START Provided data

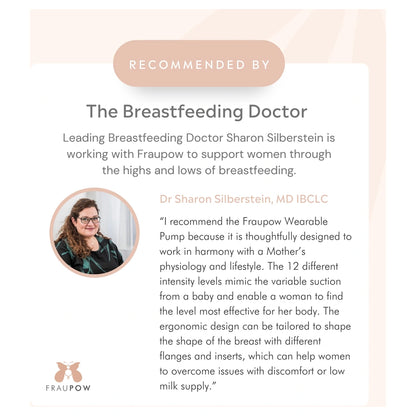 Fraupow Wearable Breast Pump | Hands-Free | Rechargeable | 4 Modes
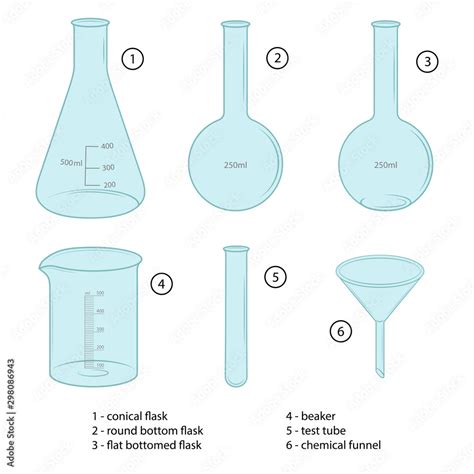 Set Of Chemical Glassware Flask Bulb Test Tube Round Bottom Flask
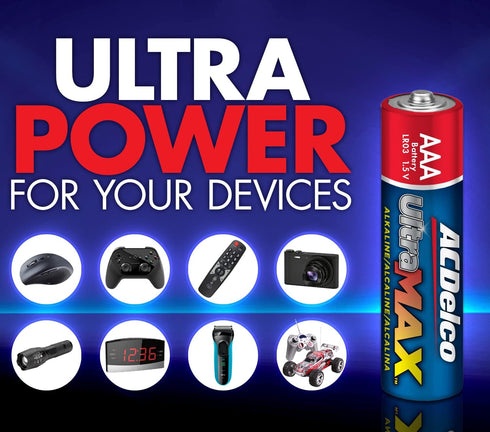 ACDelco UltraMAX 20-Count AAA Batteries, Alkaline Battery with Advanced Technology, 10-Year Shelf Life, Recloseable Packaging...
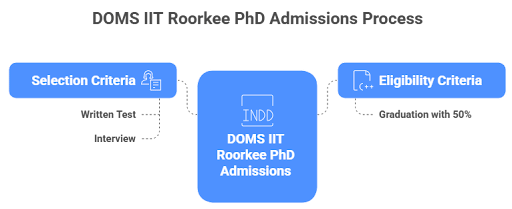 DOMS IIT Roorkee Admission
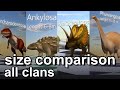 Dinosaurs size comparison all clans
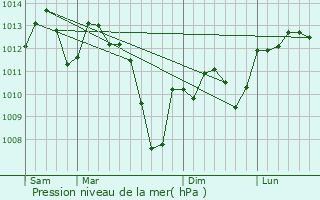 Graphe de la pression atmosphrique prvue pour Saint-Jory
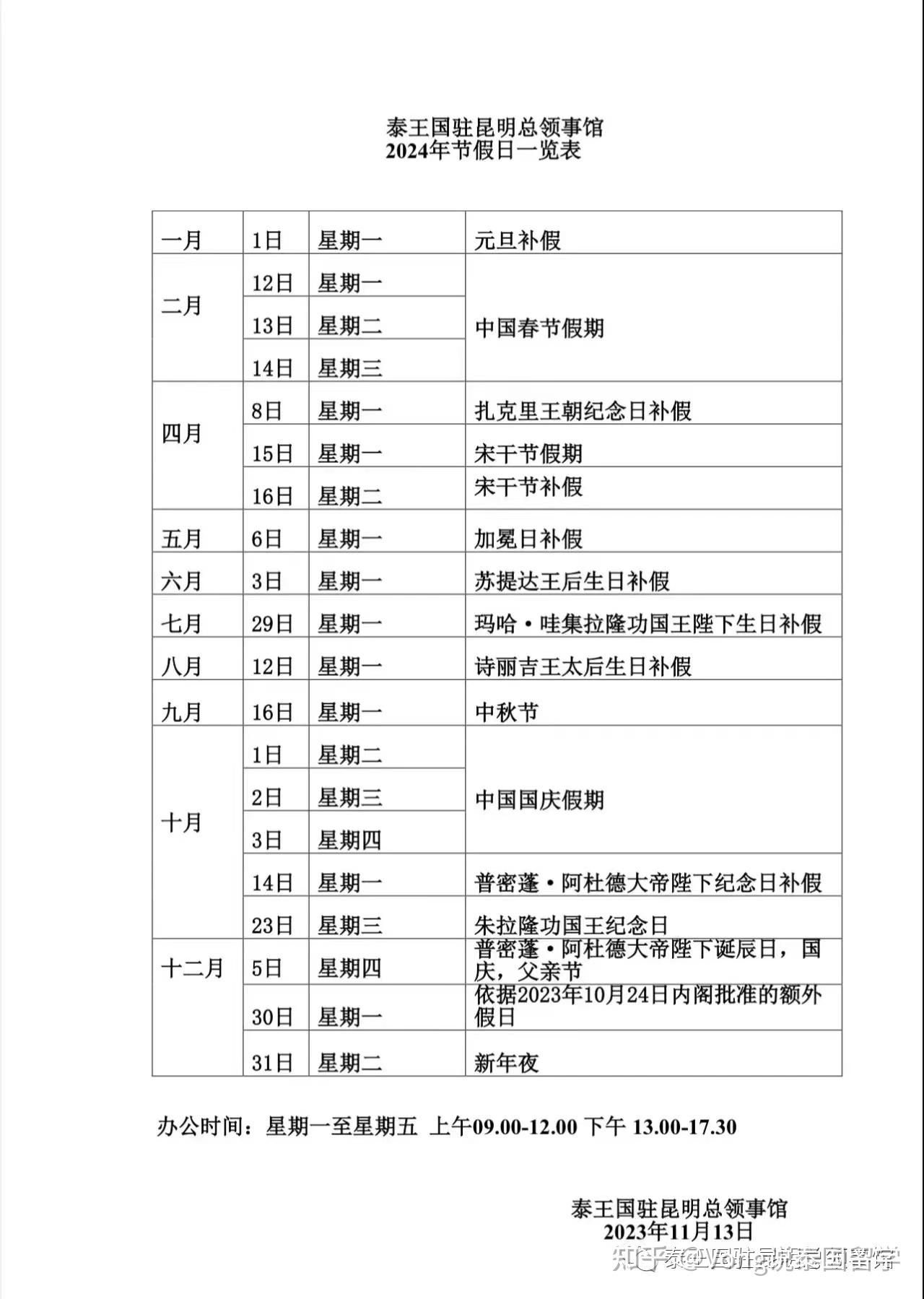 在南宁,泰国驻南宁领事馆办去泰国签证需要多久?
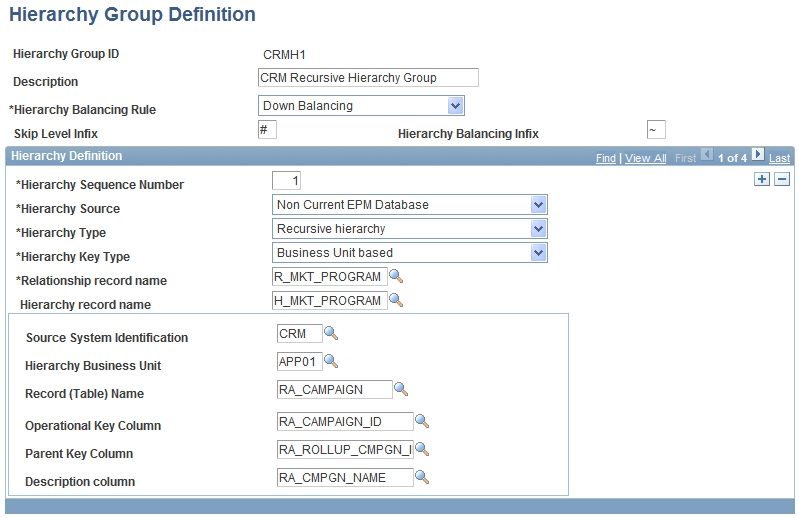 Hierarchy Group Definition page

END Provided data

## Task brief
Copy exactly the lines from the one containing "Dinosaurs size comparison all clans" through the final line of the records above, both included, and leave out any pictures.

## Result of this task
 Dinosaurs size comparison all clans
 Graphe de la pression atmosphrique prvue pour Saint-Jory
 在南宁,泰国驻南宁领事馆办去泰国签证需要多久?
 Hierarchy Group Definition page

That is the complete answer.